─── Exercise data
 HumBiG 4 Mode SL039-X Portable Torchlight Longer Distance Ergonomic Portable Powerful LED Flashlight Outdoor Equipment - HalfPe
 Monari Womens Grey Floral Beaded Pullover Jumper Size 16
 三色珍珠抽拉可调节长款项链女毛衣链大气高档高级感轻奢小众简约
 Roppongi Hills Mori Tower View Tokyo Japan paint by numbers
──────
─── Exercise data
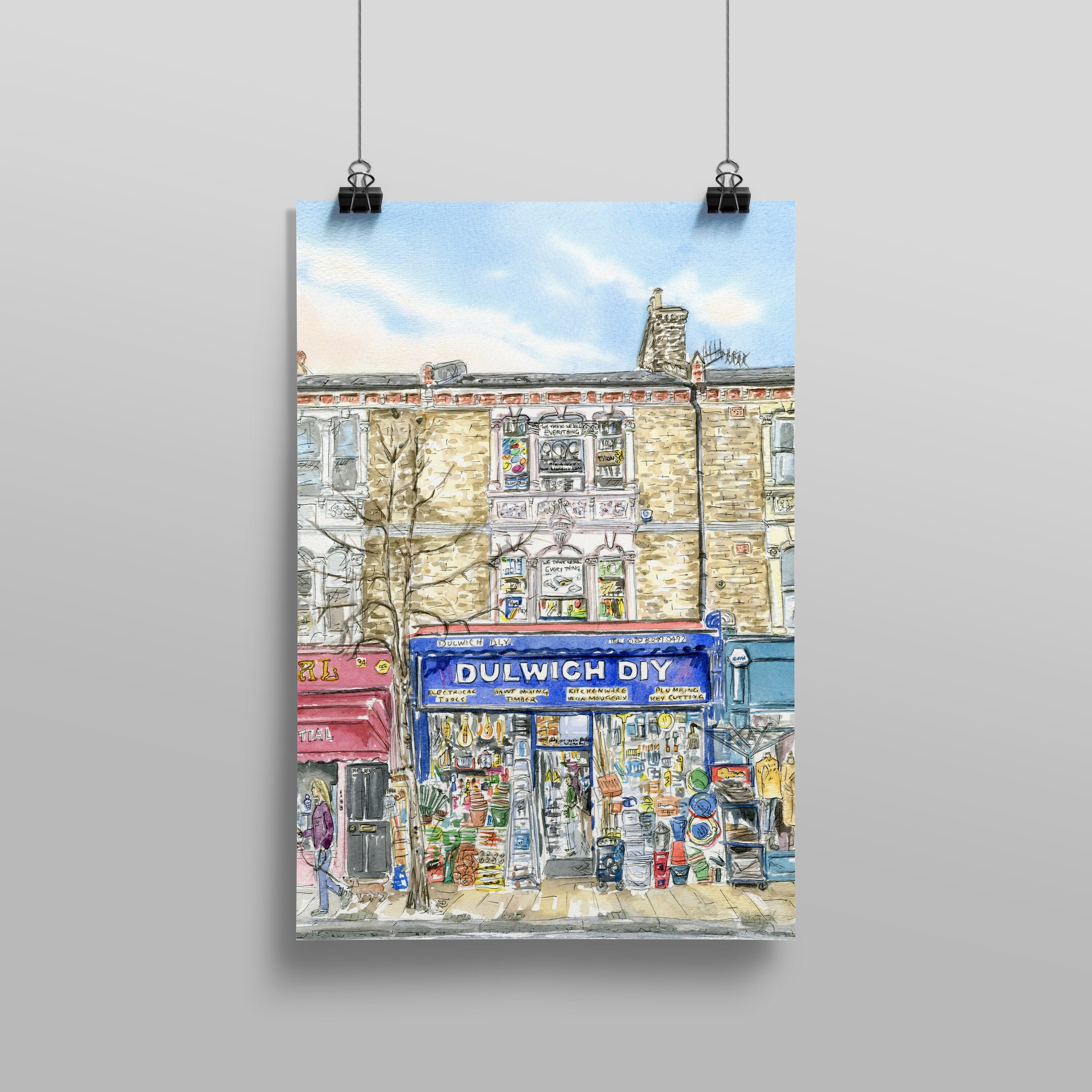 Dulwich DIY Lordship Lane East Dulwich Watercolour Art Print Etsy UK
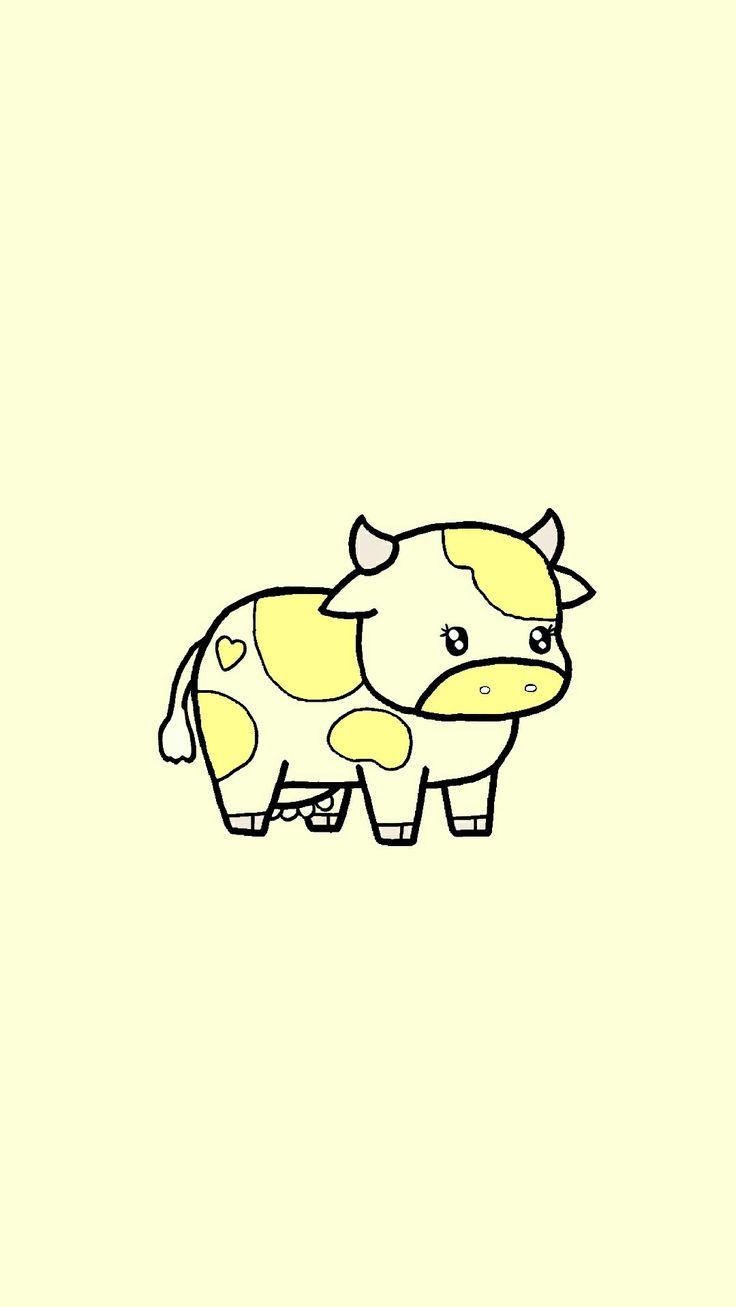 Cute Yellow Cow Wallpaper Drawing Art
──────
→ Required work
There is a run of lines above from the one with "HumBiG 4 Mode" to the one with "Roppongi Hills Mori"; print exactly that run, both ends included, and nothing else.

→ Result of this task
 HumBiG 4 Mode SL039-X Portable Torchlight Longer Distance Ergonomic Portable Powerful LED Flashlight Outdoor Equipment - HalfPe
 Monari Womens Grey Floral Beaded Pullover Jumper Size 16
 三色珍珠抽拉可调节长款项链女毛衣链大气高档高级感轻奢小众简约
 Roppongi Hills Mori Tower View Tokyo Japan paint by numbers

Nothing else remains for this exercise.